Harry finds her in the Florida Keys. She’s staying with her stepfather Tom, but Delly doesn’t want to go back. She thinks her mother is only interested in her trust fund, which Arlene will inherit if anything happens to Delly. Harry stays overnight, and tries to convince Delly to return. Meanwhile, he forms a bond & shares an attraction with Paula, a woman who works for Tom. While on a boat ride with Harry & Paula, Delly goes swimming & finds the wreckage of a small plane, with the pilot’s body inside. Paula marks the spot with a buoy & the trio returns to shore. A visibly upset Delly asks Harry to take her home. He brings her back to Los Angeles, but a short time later, he hears Delly has been killed in an accident while filming a stunt on a movie set. That’s the springboard for what will become the movie’s final third.

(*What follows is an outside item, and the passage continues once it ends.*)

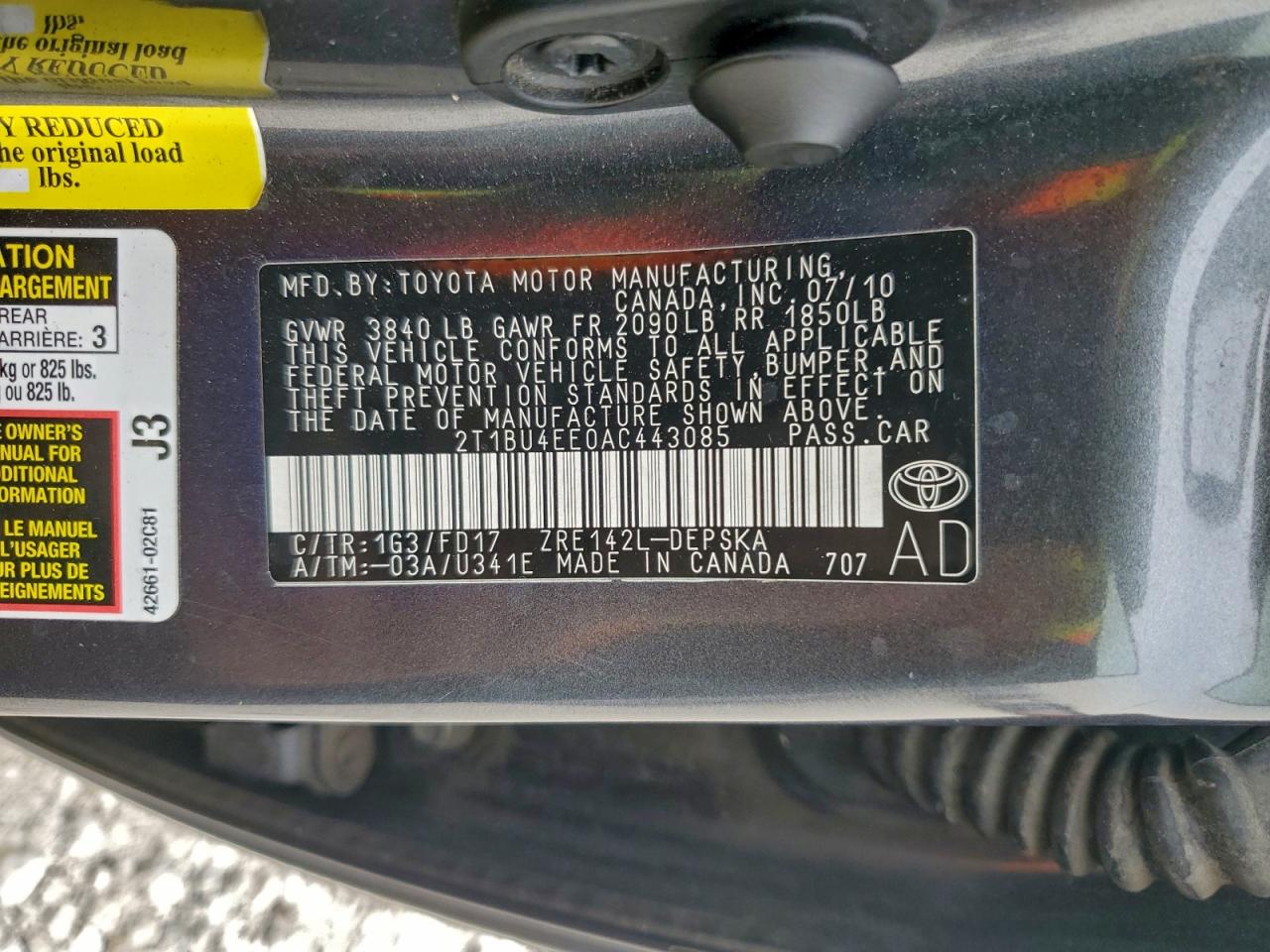 2010 TOYOTA COROLLA BASE photo 12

Harry, who’s been trying to salvage his relationship with Ellen, is drawn back into the case. Lies are uncovered, secrets are revealed, and in classic film noir style, things do not end well for everyone.

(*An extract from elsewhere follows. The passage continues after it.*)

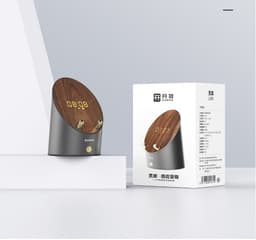 image-Wooden Speaker Smart Induction Speaker Phone Holder Portable Mini Desktop Wireless Alarm Clock Bluetooth Speaker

Night Moves is a dark, almost bleak movie, with characters like Harry & Paula stuck in places they don’t want to be, but powerless to change. In many ways, Harry is the opposite of the typical film noir hero, as he isn’t the tough guy who punches his way through things & people to solve the mystery. He hasn’t figured out the truth of the case, or his own truth. Hackman is superb in the role, subtly conveying Harry’s anguish under the surface. There’s a fine supporting cast of familiar faces, including Harris Yulin, John Crawford, Edward Binns, a young James Woods as Quentin, and the amazing Jennifer Warren, who is excellent as Paula. Arthur Penn’s solid direction, Alan Sharp’s well-honed script  & cinematographer Bruce Surtees moody color palette all contribute to the movies’s success. The film is the second of three collaborations between director Penn & star Hackman, the other two being 1967’s Bonnie & Clyde and 1985’s Target. Night Moves is not a typical thriller, but it is a rewarding viewing experience, and it couldn’t have been made in a more appropriate decade than the 1970s. It’s truly worth watching. The film is available on DVD. Here’s a link to the film’s (somewhat misleading) trailer: .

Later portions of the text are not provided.